*** Provided records Section Begins ***

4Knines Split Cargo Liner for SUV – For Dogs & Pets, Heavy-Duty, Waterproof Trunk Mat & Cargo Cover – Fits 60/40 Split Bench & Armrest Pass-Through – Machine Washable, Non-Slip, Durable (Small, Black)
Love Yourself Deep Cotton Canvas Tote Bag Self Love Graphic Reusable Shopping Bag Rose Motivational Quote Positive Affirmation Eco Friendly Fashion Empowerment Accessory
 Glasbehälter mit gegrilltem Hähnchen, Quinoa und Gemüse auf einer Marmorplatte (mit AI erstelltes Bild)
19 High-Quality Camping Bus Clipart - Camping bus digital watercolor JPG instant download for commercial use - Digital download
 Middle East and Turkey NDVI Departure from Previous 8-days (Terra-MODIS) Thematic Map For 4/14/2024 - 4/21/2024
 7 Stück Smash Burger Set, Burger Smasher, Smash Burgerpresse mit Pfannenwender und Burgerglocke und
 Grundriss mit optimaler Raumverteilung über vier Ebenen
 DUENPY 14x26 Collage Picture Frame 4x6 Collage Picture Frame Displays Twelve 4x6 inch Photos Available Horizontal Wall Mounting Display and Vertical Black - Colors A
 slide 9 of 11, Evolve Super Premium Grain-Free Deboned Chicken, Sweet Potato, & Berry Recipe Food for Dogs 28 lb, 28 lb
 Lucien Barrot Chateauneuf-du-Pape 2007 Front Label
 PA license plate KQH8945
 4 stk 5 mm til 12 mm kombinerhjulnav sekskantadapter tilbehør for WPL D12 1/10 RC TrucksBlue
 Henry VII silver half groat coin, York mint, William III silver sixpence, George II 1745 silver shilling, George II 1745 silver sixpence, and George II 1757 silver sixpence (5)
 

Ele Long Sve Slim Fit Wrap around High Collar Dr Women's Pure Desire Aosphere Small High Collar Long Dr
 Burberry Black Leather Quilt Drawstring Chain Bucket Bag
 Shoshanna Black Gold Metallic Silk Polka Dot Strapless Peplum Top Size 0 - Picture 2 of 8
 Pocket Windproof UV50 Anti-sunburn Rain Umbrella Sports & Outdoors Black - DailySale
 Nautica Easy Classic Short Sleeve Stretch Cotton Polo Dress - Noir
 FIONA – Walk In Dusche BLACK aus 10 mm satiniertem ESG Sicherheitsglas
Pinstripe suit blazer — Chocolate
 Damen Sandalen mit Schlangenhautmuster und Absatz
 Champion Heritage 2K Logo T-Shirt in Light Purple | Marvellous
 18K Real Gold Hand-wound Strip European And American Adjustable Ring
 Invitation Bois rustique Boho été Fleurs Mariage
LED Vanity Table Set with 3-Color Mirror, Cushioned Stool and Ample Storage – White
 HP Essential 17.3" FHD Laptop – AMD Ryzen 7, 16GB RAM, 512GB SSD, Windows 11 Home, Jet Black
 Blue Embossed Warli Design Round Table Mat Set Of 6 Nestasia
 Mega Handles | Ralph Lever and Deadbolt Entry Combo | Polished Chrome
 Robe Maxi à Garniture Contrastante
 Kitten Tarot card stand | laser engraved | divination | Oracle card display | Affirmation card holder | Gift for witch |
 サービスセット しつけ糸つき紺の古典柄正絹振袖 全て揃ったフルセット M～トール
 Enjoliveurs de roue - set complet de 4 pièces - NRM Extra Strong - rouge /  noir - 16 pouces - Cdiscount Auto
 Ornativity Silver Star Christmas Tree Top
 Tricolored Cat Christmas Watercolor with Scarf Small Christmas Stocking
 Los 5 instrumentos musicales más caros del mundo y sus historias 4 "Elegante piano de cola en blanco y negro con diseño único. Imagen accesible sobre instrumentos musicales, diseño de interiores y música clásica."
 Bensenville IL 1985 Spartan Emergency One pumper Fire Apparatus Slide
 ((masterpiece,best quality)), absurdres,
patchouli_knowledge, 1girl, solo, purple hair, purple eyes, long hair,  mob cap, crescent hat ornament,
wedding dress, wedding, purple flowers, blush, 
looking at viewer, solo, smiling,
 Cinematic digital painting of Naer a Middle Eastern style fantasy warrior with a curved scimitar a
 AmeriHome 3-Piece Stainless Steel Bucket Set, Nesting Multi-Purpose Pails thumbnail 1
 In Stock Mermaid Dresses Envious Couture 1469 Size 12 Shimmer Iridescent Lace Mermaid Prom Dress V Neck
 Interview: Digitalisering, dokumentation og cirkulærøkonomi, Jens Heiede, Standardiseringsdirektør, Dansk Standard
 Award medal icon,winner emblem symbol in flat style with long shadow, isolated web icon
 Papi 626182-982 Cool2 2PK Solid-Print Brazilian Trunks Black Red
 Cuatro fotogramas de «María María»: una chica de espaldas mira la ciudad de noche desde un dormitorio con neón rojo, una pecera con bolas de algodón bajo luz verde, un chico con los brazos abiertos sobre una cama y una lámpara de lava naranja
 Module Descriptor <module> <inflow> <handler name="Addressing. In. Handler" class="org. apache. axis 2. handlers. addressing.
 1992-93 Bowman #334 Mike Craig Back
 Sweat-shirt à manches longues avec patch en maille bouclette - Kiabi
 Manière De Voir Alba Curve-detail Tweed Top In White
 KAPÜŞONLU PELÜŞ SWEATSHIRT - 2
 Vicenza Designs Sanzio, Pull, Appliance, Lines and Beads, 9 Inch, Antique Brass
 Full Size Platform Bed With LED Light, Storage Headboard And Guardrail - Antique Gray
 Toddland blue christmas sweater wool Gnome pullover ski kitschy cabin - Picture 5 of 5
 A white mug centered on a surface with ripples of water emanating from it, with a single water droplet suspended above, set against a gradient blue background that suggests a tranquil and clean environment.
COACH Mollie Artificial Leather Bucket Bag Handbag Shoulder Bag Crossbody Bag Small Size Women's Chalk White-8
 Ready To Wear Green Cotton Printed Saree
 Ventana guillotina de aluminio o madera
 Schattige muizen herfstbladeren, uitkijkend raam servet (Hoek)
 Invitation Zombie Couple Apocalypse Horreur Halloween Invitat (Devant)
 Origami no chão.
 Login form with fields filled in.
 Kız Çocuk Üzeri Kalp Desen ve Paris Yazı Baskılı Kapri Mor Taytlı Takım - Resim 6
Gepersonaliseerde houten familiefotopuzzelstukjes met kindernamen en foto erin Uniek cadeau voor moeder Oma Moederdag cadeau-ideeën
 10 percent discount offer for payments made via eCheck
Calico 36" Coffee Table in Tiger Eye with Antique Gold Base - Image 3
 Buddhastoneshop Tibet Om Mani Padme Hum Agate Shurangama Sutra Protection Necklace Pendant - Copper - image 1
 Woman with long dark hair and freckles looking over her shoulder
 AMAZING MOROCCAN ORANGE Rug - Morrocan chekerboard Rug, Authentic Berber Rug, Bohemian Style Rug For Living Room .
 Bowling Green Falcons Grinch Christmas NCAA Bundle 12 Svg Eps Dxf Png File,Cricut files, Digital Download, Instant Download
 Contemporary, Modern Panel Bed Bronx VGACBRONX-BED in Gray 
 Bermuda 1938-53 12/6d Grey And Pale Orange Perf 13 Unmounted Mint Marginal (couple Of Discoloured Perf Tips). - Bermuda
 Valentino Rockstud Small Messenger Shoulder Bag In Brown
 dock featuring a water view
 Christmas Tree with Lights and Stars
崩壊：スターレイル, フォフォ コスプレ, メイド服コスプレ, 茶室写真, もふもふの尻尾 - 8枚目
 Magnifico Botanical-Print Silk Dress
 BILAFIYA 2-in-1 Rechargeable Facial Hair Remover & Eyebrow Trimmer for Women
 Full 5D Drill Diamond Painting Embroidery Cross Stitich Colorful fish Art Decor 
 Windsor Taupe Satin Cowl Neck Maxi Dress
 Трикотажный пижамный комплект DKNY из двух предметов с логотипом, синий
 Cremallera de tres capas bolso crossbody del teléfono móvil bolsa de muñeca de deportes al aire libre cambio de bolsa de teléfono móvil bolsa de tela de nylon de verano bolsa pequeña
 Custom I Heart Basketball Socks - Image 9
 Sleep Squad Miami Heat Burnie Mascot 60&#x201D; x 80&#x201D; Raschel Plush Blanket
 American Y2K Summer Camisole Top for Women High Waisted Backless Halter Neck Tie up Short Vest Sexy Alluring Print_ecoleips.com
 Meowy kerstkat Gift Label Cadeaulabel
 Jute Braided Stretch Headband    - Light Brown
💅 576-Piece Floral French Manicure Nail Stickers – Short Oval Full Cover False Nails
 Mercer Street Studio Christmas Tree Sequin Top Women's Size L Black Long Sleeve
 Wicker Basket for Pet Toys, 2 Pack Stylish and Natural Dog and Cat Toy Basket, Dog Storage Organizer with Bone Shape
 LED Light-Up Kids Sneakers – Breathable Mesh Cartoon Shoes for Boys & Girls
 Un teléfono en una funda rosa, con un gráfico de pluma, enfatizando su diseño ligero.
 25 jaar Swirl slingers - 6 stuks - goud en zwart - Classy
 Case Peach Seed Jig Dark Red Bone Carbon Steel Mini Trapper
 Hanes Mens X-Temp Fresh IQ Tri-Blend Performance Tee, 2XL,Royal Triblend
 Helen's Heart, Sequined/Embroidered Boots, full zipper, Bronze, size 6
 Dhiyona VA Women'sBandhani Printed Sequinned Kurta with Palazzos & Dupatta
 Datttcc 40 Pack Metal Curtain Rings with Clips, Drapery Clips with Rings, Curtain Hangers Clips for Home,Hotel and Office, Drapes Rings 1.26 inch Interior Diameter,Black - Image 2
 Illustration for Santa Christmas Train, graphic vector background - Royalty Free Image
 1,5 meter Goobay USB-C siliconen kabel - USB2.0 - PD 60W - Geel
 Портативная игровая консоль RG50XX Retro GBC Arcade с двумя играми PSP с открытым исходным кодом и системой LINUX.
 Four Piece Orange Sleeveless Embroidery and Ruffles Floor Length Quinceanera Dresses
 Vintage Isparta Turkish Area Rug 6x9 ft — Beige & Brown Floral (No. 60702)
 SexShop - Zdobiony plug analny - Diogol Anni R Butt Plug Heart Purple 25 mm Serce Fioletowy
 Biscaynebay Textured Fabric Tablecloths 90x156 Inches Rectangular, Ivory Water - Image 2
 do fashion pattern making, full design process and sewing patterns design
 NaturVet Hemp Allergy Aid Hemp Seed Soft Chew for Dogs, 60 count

*** Provided records Section Ends ***

Every line above that holds the word "Label" is to be found and copied.

**Answer box:**
 Lucien Barrot Chateauneuf-du-Pape 2007 Front Label
 Meowy kerstkat Gift Label Cadeaulabel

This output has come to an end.